Au début, il te faudra probablement régulièrement t’ajuster. Pour cela, une fois le repas fini, regarde toujours ce qu’il reste dans les gamelles. S’il en reste, il y en avait trop. S’il n’en reste pas, c’était soit pile dosé, soit il n’y en avait pas assez. Pour le savoir, il suffit d’écouter les remarques pendant le repas !

La gestion du stock

Donne toujours toi-même les aliments à prendre pour le repas. Les scouts sont les spécialistes de l’oubli d’un sac ou d’un paquet. Ensuite après chaque repas, un petit tour dans les stocks permet de ranger un peu, et puis de faire le point sur ce qui reste. Il reste plusieurs fruits différents, ça sent la salade de fruits frais ! Beaucoup de pain ? Tiens, et si on faisait du pain perdu ?
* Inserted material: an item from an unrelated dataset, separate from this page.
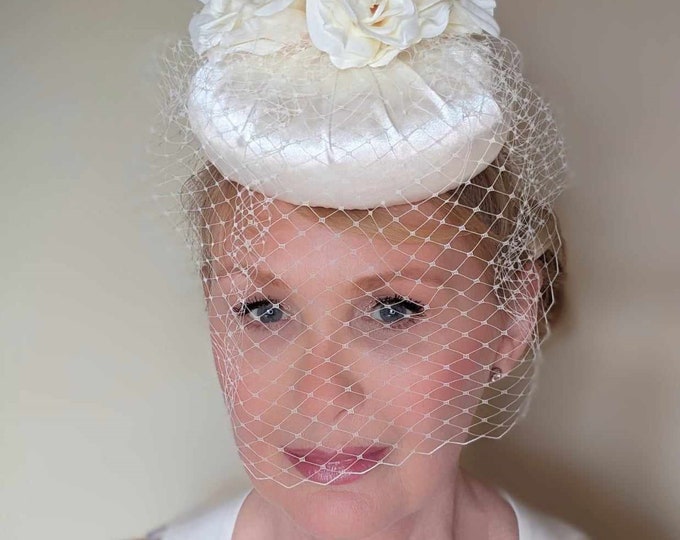 Beautiful bridal pillbox hat, duchess satin, millinery veiling, silk flowers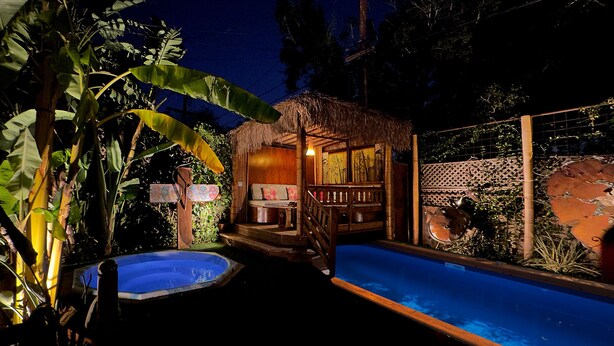 Un espace piscine comprenant un jacuzzi, une terrasse en bois et une structure à toit de chaume.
Quelques jours avant la fin du camp, il faut commencer à anticiper et ajuster au maximum, en particulier pour le petit déjeuner : acheter juste ce qu’il faut en lait, confiture, pâte à tartiner…

Les budgets

Remplir le cahier d’intendance permet de suivre son budget au repas et à la journée, en n’oubliant pas de compter le pain. Un autre indicateur est le ticket de caisse à la fin des courses qui, divisé par le nombre de rationnaires. Cela donne un ordre d’idée du prix de la journée.

Les plats chers sont connus : ce sont les viandes et les fromages, principalement. En cas de dépassement du budget, choisis des plats qui en contiennent moins, mais qui nourrissent quand même !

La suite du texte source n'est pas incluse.